The Batch System

  • The batch system used on Discovery is Cluster Resource’s Torque Resource Manager along with their Moab Workload Manager.
  • Users login, via ssh,  to one of the head nodes (ie: altair) and submit jobs to be run on the compute nodes by writing a script file that describes their job.
  • They submit the job to the cluster using the qsub command.

There are four queues on the cluster:

  • default – This is the main queue for the cluster. It does not need to be specified as it is used by default.
  • largeq – This is for users that need to queue up more then 500 jobs. This is a routing queue. It acts as a funnel to deliver jobs to the default queue as space becomes available in the default queue for the user.
  • There is a user limit of 20,000 jobs and overall limit of 50,000 jobs in the largeq.
  • testq – This is a queue set up to run up to 16 jobs for up to 60 minutes on 16 processors on each of the three test nodes. A user can queue up no more the 16 jobs at a time.
  • You can use the tnodeload command to see how busy the test nodes are before submitting a job to them.
  • gpuq- This is a queue set up to run GPU related jobs on the two production GPU nodes.

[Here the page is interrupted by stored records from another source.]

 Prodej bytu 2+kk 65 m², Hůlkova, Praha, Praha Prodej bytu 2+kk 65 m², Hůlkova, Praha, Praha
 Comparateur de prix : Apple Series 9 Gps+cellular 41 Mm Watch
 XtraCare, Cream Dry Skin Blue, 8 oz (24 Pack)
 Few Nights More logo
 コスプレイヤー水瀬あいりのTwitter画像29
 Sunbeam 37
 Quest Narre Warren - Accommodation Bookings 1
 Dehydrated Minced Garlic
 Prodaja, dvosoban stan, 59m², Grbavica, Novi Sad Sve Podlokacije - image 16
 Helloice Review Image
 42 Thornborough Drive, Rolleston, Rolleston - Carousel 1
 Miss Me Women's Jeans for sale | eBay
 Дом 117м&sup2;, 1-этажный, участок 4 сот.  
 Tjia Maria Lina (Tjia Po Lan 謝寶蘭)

Users specify the amount of time and the number of processors required by their jobs.

Managing and Monitoring your jobs

See the How To on monitoring your jobs after they are submitted.

Some useful commands:

Command

Example

Description

qsub qsub pbs_script submit a batch job to the queue
qstat qstat show status of Torque batch jobs
qdel qdel JOBID used to delete a job from the queue, where JOBID is a job number
obtained by executing the command qstat or showq
checkjob checkjob JOBID used to check that status of a running or idle job, where JOBID is
a job number obtained by executing the command qstat or showq
pbsmon pbsmon
will give you information about node usage on the cluster.
qr qr
qr -h
will give you information about your available cluster resources along
with the amount of resources you are using.
showq showq
showq -r -b -i
show all of the jobs in the batch queue
show running (-r), blocked (-b), or eligible(-i) jobs in the queue
qshow qshow
qshow -r
show consolidated view of showq
include the routing queue (largeq) in output
myjobs myjobs
myjobs -r -b -i
show all your jobs in the queue
show just your running (-r), blocked (-b), or eligible(-i) jobs in the queue
qnotify qnotify job-id hours
qnotify -l
set email notification for number of hours before job scheduled to end
list notifications set up

Information on Submitting Jobs to the Queue

  • The default length of any job submitted to the queue is currently set at one hour and the default maximum number of processors per user is set to a value based on their user status.
  • Jobs that run longer than twenty days  will be terminated by the scheduler.
    • These parameters are subject to change as we become more familiar with users needs.
  • It is important for users to specify the resources required by their jobs.
  • In the current configuration, the walltime and the number of nodes are the two parameters that matter.
  • If you don’t specify the walltime, the system default of one hour will be assumed and your job may end early.
  • See the Single Processor Job Example for further details

Information for Multiprocessor Jobs

  • For multiprocessor jobs, it is important to specify the number of nodes and processors required and to select nodes that are of the same feature and on the same switch.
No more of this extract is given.